Exercise aim:
Copy nothing but the lines running from the one containing "Vector design of" through the end of the listing below. Drop the pictures.

Recorded data:
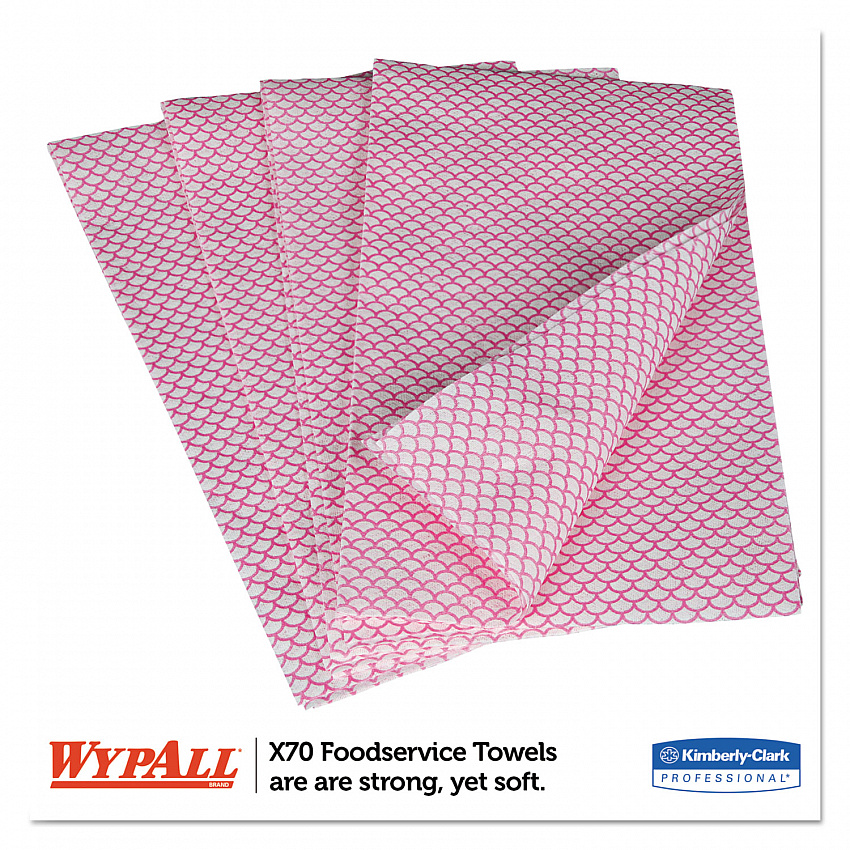 X70 Foodservice Towels, 1-Ply, 12.5 x 23.2, Red, 300/Carton (06354)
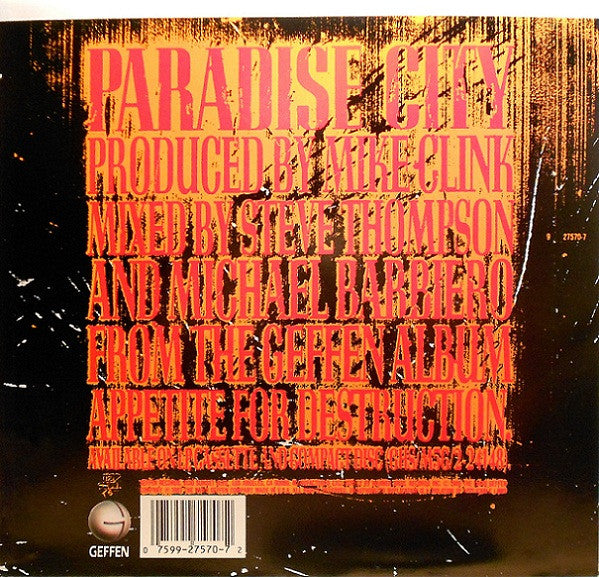 Guns N' Roses : Paradise City (7", Single)
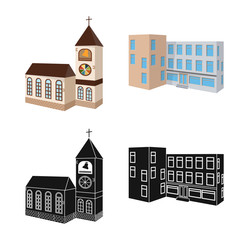 Vector design of facade and housing sign. Collection of facade and infrastructure stock symbol for web.
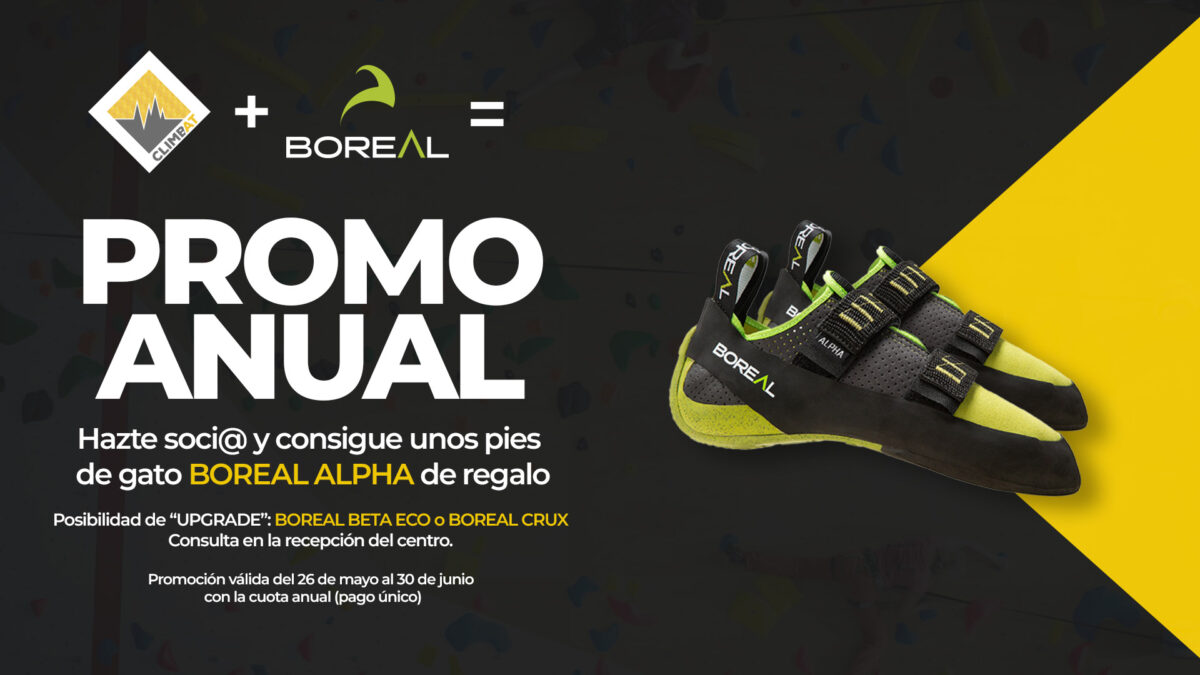 promocion-anual-climbat-pies-gato-boreal-alpha-gratis-escalada-indoor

Solved problem:
 Vector design of facade and housing sign. Collection of facade and infrastructure stock symbol for web.
 promocion-anual-climbat-pies-gato-boreal-alpha-gratis-escalada-indoor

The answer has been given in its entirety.